▶ **TASK DETAILS**
Copy out exactly the lines spanning the line with "99-04 Abs Hydraulikkaggregat" to the line with "An Introduction to", inclusive, from the data underneath, with no pictures.

▶ **INFORMATION SHOWN**
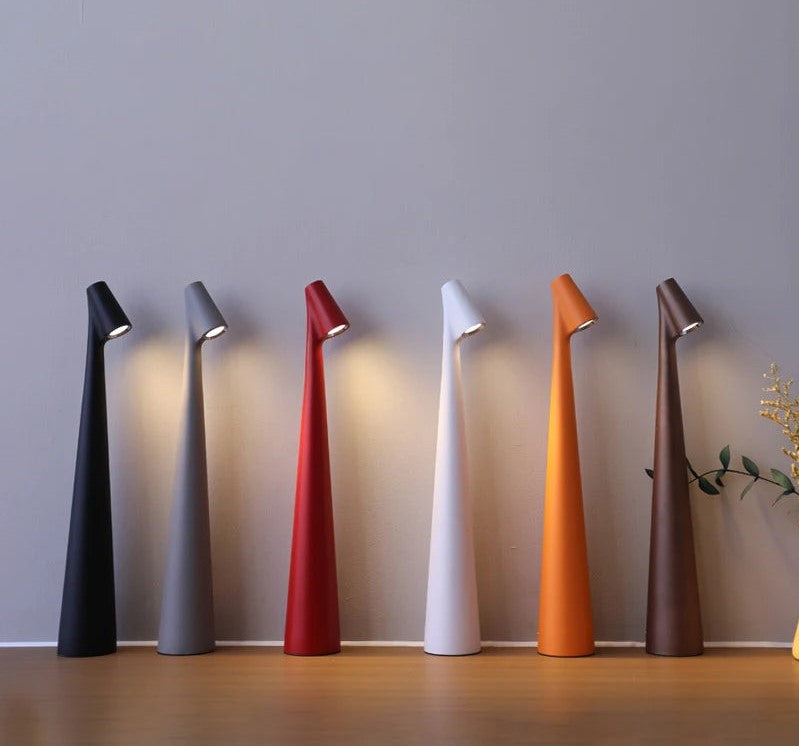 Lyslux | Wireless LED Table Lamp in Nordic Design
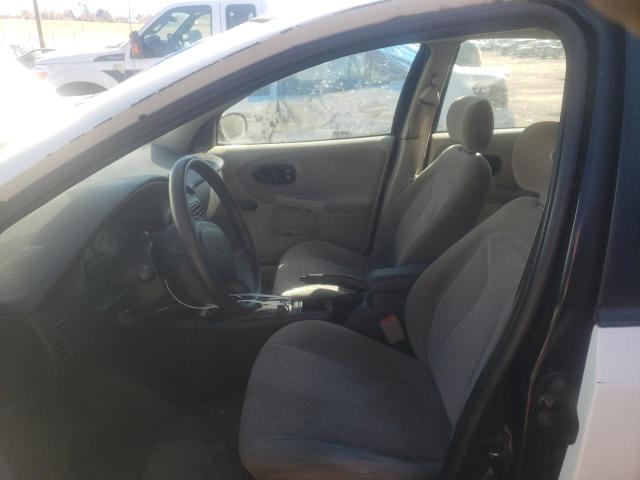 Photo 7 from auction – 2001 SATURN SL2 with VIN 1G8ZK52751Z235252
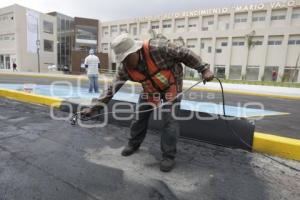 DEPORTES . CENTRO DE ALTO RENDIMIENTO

--

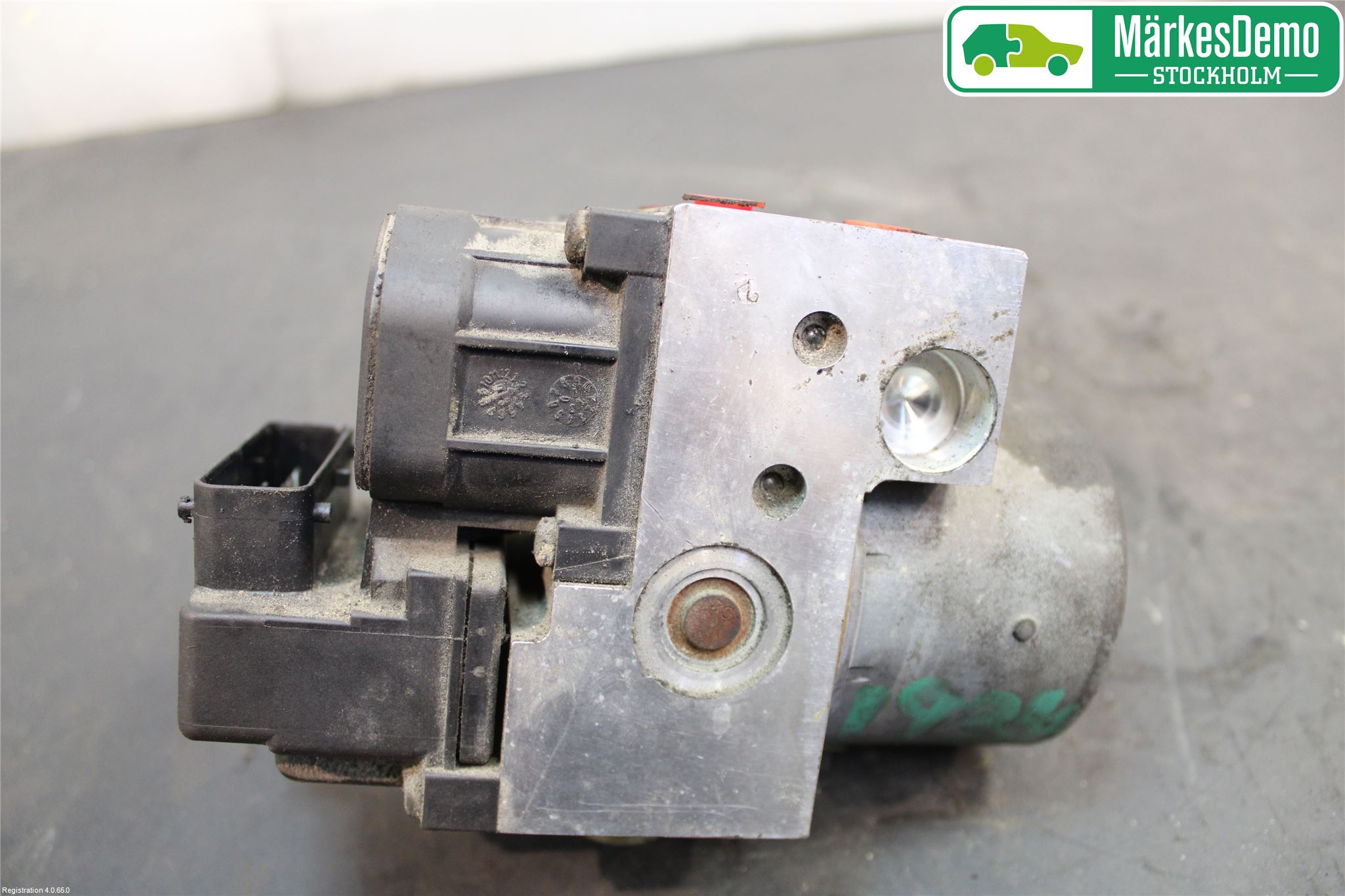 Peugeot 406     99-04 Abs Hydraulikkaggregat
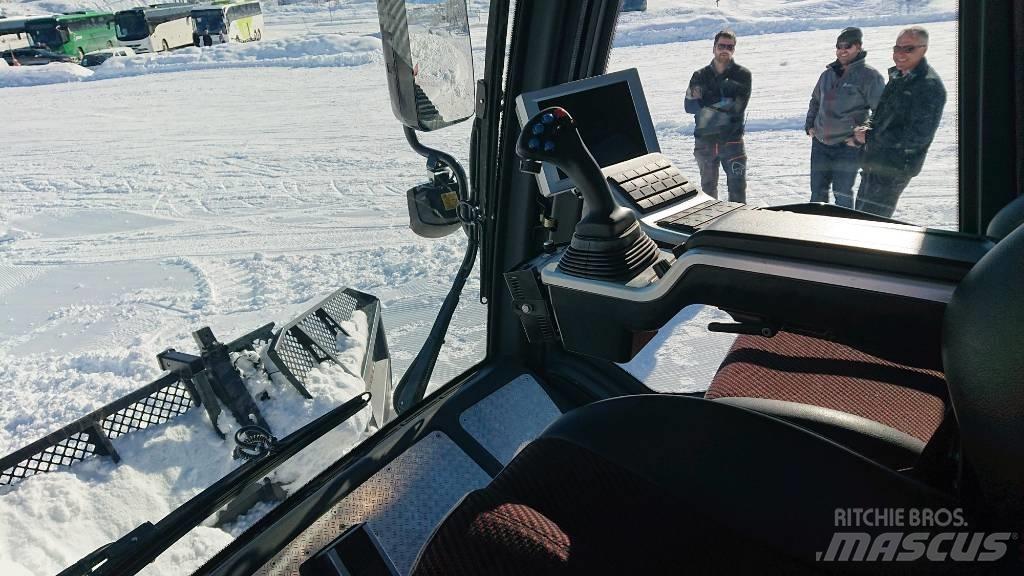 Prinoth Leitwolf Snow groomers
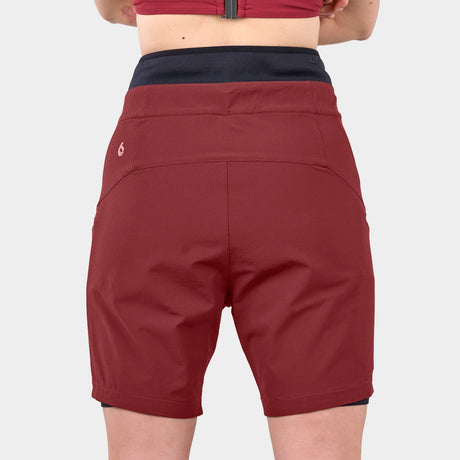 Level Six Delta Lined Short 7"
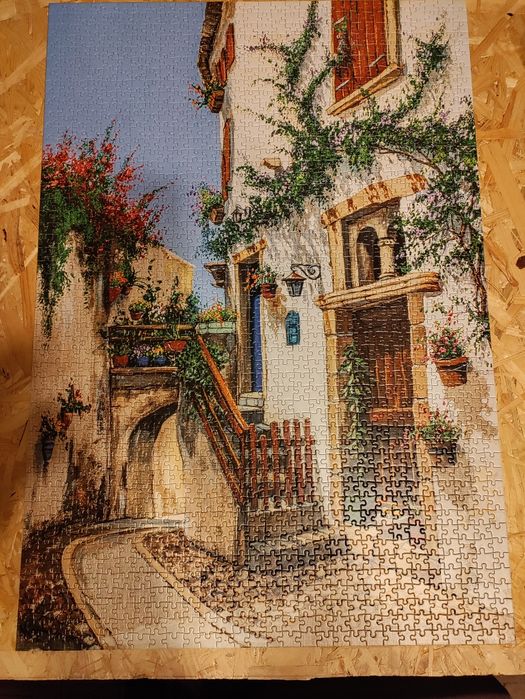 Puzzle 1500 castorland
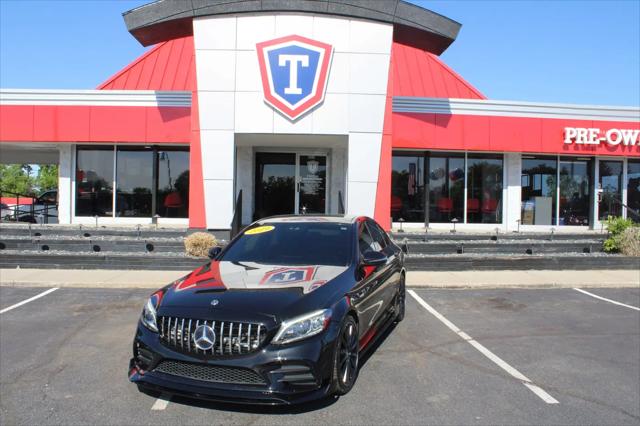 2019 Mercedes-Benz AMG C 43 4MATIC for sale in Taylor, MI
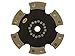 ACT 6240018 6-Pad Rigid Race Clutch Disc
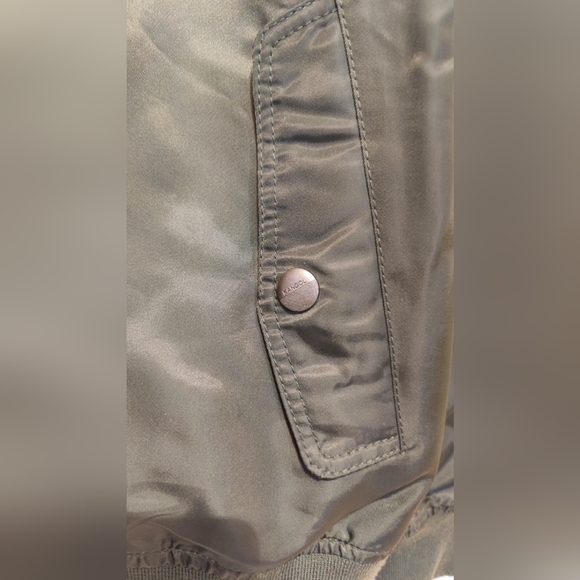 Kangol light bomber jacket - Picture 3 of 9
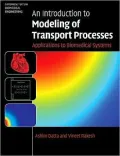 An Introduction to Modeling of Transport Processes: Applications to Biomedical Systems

...

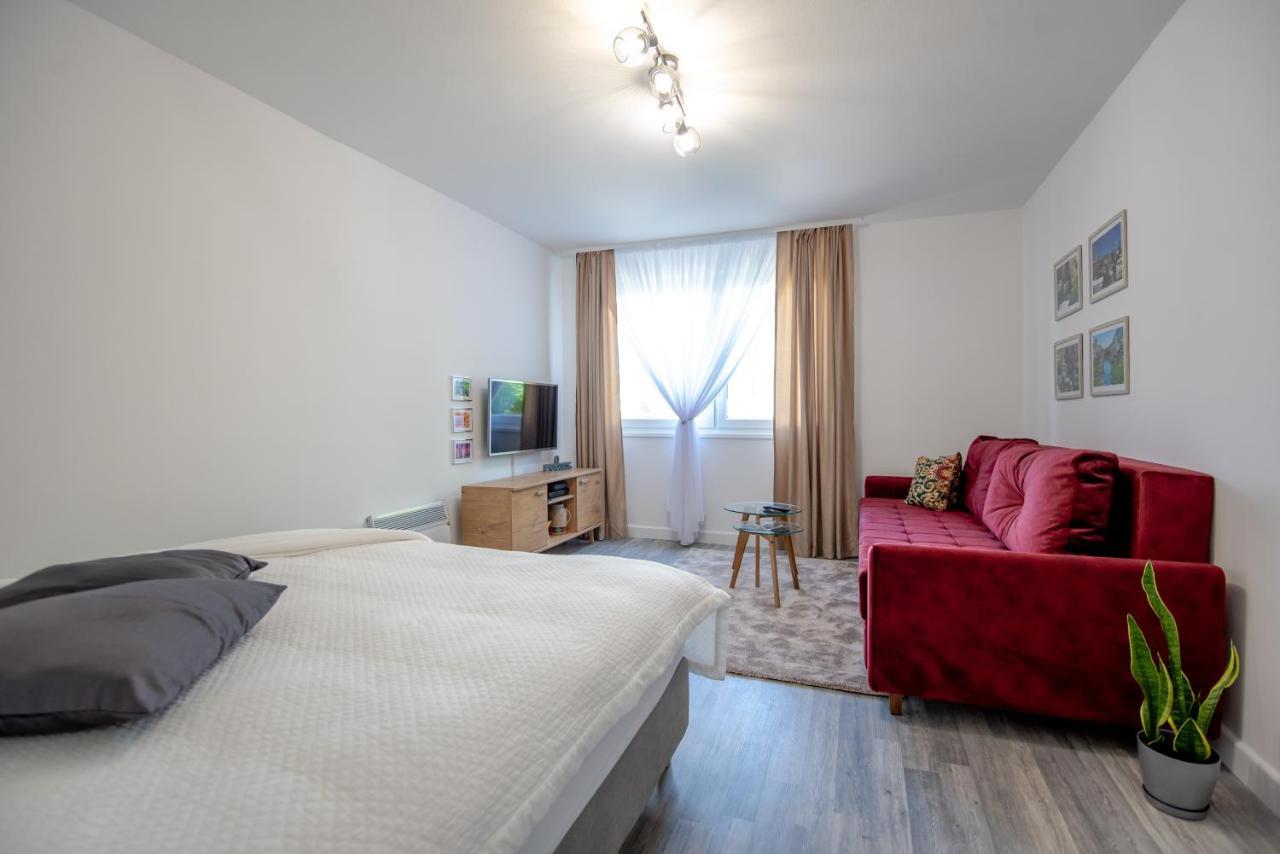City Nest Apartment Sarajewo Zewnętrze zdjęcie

▶ **REPLY TO THE EXERCISE**
 Peugeot 406     99-04 Abs Hydraulikkaggregat
 Prinoth Leitwolf Snow groomers
 Level Six Delta Lined Short 7"
 Puzzle 1500 castorland
 2019 Mercedes-Benz AMG C 43 4MATIC for sale in Taylor, MI
 ACT 6240018 6-Pad Rigid Race Clutch Disc
 Kangol light bomber jacket - Picture 3 of 9
 An Introduction to Modeling of Transport Processes: Applications to Biomedical Systems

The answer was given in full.